- Sauerwein, c. 1865
- Born: Georg Julius Justus Sauerwein 15 January 1831 Hanover
- Died: 16 December 1904 (aged 73) Kristiania
- Known for: Polyglottism

= Georg Sauerwein =

German publisher, polyglot, poet and linguist

Georg Julius Justus Sauerwein (15 January 1831 in Hanover – 16 December 1904 in Kristiania) was a German publisher, polyglot, poet, and linguist. He is buried at Gronau.

Sauerwein was the greatest linguistic prodigy of his time and mastered about 75 languages.

==Biography==
His father was a Lutheran minister of the Evangelical-Lutheran State Church of Hanover, serving in Hanover, Schmedenstedt and Gronau upon Leine. From 1843 to 1848 Sauerwein went to the Gymnasium (comprehensive secondary school) in Hanover. At the age of 17, he studied Linguistics and Theology at Göttingen, but discontinued his studies in 1851 without completing a degree. At age 24 he published an English-Turkish dictionary. In 1873 he was appointed honorary doctor of the George Augustus University of Göttingen.

During the years 1852–1860, Sauerwein made a living in private tutorships; first in Wales, where his introduction to Welsh culture and British concepts of freedom came to set the course of his future commitment to cultural and educational policy. In 1857 he got a position as the private tutor of princess Elisabeth of Wied, who later was to become the celebrated Queen of Romania.

Later he earned his living as a correspondent counsellor of languages for the British and Foreign Bible Society. During the years 1857–1896, Sauerwein checked and revised a dozen translations for the British and Foreign Bible Society and translated parts of the Old Testament to Madagascan and the Gospel according to St. John to Kabyle.

As an acknowledged pacifist, Sauerwein was involved in opposition to what he perceived as the imperialism of German Empire Germany under the Kaiser. He was a supporter of the minority languages within the German Empire: Sorbian in Brandenburgian Lower Lusatia and Lithuanian in East Prussian Lithuania Minor.

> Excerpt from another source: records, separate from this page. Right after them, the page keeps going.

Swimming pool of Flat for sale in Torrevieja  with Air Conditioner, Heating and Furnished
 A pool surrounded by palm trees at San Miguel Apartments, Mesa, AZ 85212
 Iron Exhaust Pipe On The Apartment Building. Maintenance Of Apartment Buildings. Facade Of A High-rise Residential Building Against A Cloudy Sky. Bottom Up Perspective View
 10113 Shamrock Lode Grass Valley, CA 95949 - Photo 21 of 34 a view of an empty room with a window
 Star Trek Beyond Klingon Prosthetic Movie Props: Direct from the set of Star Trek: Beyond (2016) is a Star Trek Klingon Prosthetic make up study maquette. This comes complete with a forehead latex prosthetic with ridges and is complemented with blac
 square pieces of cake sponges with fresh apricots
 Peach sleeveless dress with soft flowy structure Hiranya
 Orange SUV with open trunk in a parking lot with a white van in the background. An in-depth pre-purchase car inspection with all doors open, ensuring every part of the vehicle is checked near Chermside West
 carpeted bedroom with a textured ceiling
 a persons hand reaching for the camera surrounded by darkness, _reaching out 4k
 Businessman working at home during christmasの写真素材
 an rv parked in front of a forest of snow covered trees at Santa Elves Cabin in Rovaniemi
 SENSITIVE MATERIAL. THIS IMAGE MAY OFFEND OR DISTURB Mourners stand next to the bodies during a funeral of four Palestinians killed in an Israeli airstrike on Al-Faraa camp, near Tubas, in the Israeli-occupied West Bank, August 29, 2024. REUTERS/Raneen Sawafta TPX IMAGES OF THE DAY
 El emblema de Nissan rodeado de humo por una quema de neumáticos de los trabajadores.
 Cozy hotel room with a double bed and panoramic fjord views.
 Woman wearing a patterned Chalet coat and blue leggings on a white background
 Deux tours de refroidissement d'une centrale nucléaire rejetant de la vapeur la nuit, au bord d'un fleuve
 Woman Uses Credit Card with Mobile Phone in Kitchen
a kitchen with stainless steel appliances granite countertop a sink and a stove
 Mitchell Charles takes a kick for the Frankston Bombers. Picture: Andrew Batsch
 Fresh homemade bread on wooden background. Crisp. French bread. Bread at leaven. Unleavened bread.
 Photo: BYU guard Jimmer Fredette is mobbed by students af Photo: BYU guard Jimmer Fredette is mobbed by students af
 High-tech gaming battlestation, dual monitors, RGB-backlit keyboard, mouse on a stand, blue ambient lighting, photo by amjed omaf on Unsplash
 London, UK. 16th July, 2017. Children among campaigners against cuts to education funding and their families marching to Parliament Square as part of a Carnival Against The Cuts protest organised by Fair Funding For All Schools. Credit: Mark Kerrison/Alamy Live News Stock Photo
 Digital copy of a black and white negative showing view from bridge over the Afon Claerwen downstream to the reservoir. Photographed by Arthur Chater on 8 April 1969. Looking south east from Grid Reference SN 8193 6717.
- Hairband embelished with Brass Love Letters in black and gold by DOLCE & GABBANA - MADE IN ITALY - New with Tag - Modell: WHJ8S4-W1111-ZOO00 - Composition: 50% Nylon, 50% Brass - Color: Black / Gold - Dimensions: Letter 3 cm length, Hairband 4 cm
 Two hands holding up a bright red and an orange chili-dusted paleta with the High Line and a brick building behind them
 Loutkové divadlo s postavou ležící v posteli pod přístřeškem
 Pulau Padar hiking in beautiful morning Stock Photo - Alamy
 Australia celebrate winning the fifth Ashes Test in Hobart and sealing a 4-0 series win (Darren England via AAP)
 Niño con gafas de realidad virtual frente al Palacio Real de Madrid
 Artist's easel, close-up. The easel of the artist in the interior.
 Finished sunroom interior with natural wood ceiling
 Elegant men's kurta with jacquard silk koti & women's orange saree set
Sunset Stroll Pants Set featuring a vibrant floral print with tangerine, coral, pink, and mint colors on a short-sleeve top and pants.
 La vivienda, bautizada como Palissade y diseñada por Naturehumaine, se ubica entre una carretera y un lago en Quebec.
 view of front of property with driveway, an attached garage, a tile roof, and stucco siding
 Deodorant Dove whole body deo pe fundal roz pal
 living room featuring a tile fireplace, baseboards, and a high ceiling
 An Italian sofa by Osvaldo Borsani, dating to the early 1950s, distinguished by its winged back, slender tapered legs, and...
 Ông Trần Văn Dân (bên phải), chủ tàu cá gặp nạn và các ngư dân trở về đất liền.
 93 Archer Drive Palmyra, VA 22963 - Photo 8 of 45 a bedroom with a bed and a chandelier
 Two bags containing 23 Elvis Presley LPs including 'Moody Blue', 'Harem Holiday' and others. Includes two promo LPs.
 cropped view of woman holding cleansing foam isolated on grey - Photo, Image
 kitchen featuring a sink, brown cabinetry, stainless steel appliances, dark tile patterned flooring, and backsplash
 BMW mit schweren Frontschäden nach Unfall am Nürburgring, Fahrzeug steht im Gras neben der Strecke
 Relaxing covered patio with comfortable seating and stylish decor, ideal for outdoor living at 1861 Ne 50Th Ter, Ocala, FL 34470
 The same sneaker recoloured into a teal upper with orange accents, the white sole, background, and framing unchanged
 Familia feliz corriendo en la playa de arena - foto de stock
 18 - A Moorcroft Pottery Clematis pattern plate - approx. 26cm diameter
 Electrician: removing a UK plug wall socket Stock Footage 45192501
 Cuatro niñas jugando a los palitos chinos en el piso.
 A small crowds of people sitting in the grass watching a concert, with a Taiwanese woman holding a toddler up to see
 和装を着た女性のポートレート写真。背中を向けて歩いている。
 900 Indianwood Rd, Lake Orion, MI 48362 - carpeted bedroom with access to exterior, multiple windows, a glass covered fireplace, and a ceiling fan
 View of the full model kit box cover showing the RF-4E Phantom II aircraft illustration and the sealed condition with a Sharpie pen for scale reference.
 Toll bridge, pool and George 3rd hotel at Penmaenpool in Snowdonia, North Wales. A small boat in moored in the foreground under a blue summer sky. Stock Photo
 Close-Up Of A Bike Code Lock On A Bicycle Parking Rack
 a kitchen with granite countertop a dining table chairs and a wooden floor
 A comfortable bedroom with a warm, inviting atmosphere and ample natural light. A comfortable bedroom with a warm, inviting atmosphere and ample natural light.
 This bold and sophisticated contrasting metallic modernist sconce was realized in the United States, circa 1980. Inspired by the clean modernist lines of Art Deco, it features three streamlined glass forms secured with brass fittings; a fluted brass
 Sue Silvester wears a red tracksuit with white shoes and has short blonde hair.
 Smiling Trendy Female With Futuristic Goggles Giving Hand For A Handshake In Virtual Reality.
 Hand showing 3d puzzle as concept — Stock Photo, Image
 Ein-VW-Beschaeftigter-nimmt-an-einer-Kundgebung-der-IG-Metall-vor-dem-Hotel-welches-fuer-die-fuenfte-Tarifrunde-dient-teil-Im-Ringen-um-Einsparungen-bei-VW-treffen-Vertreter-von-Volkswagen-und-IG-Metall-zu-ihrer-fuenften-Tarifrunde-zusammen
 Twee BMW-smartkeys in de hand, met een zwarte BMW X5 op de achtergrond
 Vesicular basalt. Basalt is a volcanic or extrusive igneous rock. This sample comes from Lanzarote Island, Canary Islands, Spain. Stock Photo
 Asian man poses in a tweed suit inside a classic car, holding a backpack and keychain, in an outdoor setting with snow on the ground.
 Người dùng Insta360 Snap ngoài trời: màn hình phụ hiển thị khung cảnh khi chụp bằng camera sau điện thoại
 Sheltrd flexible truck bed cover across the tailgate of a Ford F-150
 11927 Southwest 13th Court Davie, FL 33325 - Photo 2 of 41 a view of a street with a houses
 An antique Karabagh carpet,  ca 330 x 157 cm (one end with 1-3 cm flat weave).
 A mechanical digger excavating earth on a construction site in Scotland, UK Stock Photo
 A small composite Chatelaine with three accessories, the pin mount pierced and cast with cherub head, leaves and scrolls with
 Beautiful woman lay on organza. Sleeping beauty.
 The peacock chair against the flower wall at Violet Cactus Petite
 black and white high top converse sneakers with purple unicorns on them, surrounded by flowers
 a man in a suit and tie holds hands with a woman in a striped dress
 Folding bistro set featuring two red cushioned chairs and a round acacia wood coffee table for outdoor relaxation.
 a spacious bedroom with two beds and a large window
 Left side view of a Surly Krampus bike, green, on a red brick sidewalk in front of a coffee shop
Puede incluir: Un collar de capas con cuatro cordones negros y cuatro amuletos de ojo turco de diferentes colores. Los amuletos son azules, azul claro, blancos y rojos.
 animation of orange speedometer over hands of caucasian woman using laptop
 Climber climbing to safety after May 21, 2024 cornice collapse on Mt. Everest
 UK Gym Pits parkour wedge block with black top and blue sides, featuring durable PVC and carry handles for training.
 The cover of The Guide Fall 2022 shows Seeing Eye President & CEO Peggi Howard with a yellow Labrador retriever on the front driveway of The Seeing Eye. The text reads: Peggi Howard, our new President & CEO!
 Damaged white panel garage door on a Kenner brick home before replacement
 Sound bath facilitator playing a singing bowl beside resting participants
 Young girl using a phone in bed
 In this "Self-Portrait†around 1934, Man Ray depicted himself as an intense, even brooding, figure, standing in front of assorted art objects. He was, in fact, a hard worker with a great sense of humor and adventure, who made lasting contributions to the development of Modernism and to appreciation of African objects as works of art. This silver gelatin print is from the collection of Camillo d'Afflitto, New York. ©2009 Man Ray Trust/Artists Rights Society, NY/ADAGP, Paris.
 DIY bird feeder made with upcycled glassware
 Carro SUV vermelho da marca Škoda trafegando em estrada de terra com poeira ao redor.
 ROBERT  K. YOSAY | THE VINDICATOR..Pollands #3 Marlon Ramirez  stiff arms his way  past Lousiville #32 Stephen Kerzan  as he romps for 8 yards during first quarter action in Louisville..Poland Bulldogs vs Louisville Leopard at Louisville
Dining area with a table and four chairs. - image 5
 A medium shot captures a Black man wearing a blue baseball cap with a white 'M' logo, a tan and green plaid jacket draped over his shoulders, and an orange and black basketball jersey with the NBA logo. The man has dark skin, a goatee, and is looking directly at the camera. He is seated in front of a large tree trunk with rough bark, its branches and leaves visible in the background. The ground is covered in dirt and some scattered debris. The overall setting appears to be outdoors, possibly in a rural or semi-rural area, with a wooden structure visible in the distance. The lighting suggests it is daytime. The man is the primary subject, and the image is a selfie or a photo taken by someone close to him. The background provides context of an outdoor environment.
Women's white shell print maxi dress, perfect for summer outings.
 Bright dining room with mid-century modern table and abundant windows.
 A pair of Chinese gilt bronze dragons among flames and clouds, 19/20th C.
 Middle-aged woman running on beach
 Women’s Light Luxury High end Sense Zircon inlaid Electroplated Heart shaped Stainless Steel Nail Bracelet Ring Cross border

He stayed frequently in Spreewald near Berlin and in Memel (Klaipėda) and Tilsit, where he stood forth as poet, public orator and politician. He ran as a candidate for the Prussian House of Representatives four times and once for the Parliament of Germany, but was never elected. He was accused of being in league both with the Welfish (separatist for re-establishing the independent Kingdom of Hanover) and the Pan Slavonic cause; both considered by the governors to be a threat to German culture and identity. The authorities and the press charged him with unpatriotic activity. In vain he claimed to the contrary that he served his nation by trying to remove the very circumstance that nourished the Pan Slavonic movement — the suppression of minorities. If allowed to be left in peace with their own culture, they would stay as loyal citizens as ethnic Germans themselves, he argued.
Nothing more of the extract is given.